FIG. 3 shows an example flow diagram of an access decision system according to the present invention. Although the system may be configured as an on-demand process, the flow is shown as a continuous loop 310-360. At 310, the network is typically detected via reception of a pilot signal transmitted from the network. Alternatively, the system may be configured to send a “prompt” signal. The network is configured to respond to the signal. At 320, the identifier of the network, determined from the detected transmission of the network, is compared with the previous identifier of the detected network to determine whether the network has already been done. If a network has already been detected, the process returns to 310 to detect another transmission.

  In accordance with the present invention, at 330, the system is configured to determine whether a newly detected network is encrypted. If not encrypted, at 360, the process is operated in accordance with a conventional network detection system by simply notifying the user that the network is accessible. If the network is determined to be encrypted at 330, the network identifier is compared at 340 with registration in the network profile so that the user is required to establish communication with the network. It is determined whether parameters (configuration parameters), in particular security parameters, are recorded.

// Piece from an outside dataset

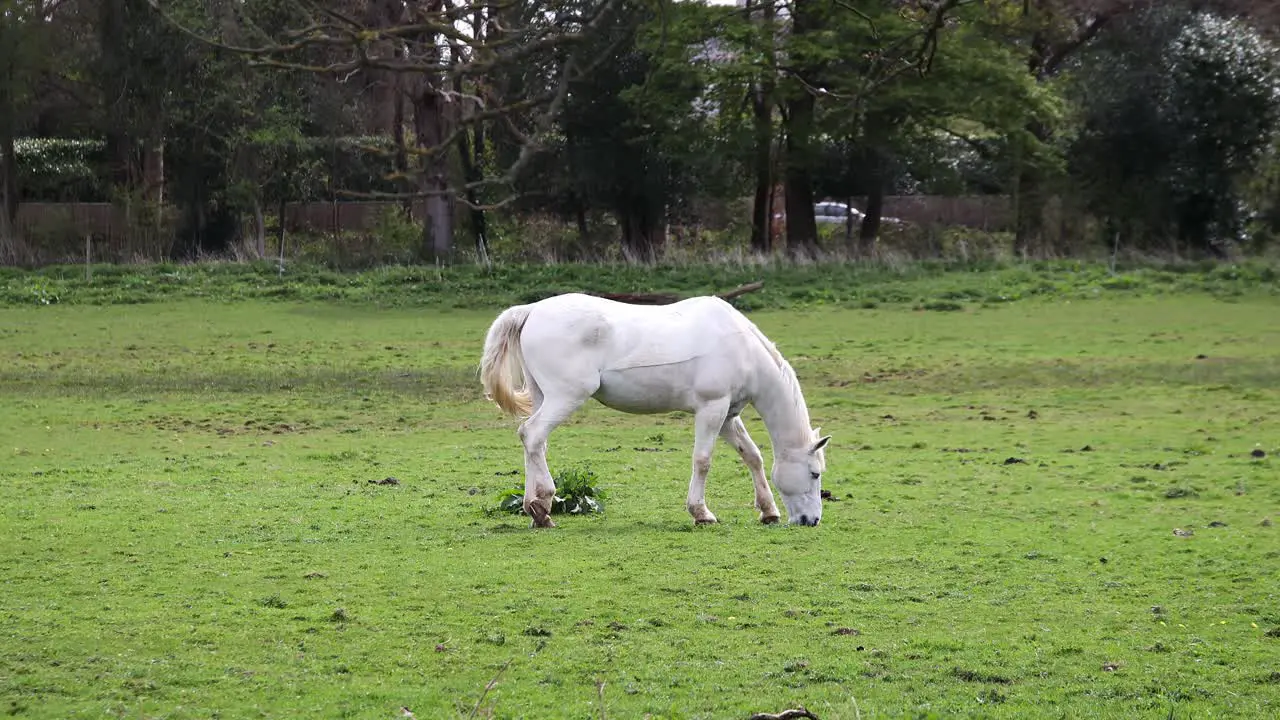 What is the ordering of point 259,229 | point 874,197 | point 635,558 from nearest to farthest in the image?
point 635,558, point 874,197, point 259,229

  At 340, if a network identifier is found in the network profile, at 350, configuration parameters such as the name of the file containing the security key are determined from the contents of the network profile and at 360, the user can access the network. Be notified. If the network identifier is not found in the network profile at 340, either of two options may be used. As indicated by a solid arrow from 340, at 360, the process is in effect due to the lack of proper configuration information, although the network is brought within range of the receiving device. It may be configured to report inaccessibility. Alternatively, as indicated by the dashed arrow from 340, the process may be configured to shorten loops 310-360 by branching back to 310 and returning directly. As a result, each inaccessible network is effectively ignored by not reporting the presence of such a network to the user.

  Since an inaccessible network is either reported or not reported, the likelihood of a user trying to connect to an inaccessible network by mistake is minimized. Similarly, accessible networks are identified as either unencrypted or encrypted, so they can be accessed incorrectly without first configuring a system for secure communication with the encrypted network. The possibility of a user trying to connect to a possible encrypted network is also minimized.

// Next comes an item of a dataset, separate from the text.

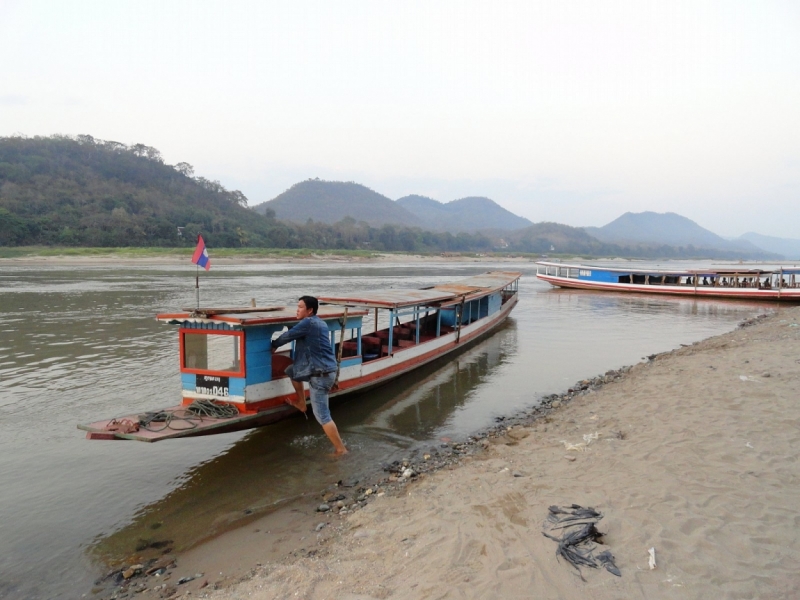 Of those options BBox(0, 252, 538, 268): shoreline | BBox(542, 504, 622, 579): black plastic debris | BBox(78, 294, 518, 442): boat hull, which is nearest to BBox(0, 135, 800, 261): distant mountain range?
BBox(0, 252, 538, 268): shoreline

  FIG. 4 shows an example flow diagram of a network selection process according to the present invention. At 410, the user selects a network to be connected by selecting a network identifier from a list of normally accessible networks, as provided by block 360 of FIG. Based on the determination described above in connection with FIG. 3, if the network identifier corresponds to an encrypted network at 420, the security configuration (security configuration) at 430 is the selected network at 350 of FIG. Based on the parameters determined for. Thereafter, or in parallel, at 440, the communication parameters required to configure the device to communicate with the selected network are provided. At 420, if the network is not an encrypted network, at 440, the system is configured to bypass block 430 by providing the aforementioned communication parameters, as a conventional network configuration system. Operate. By automatically configuring the system to communicate with an accessible encrypted network, the possibility of a user accidentally trying to access a secure network without proper security configuration is minimized.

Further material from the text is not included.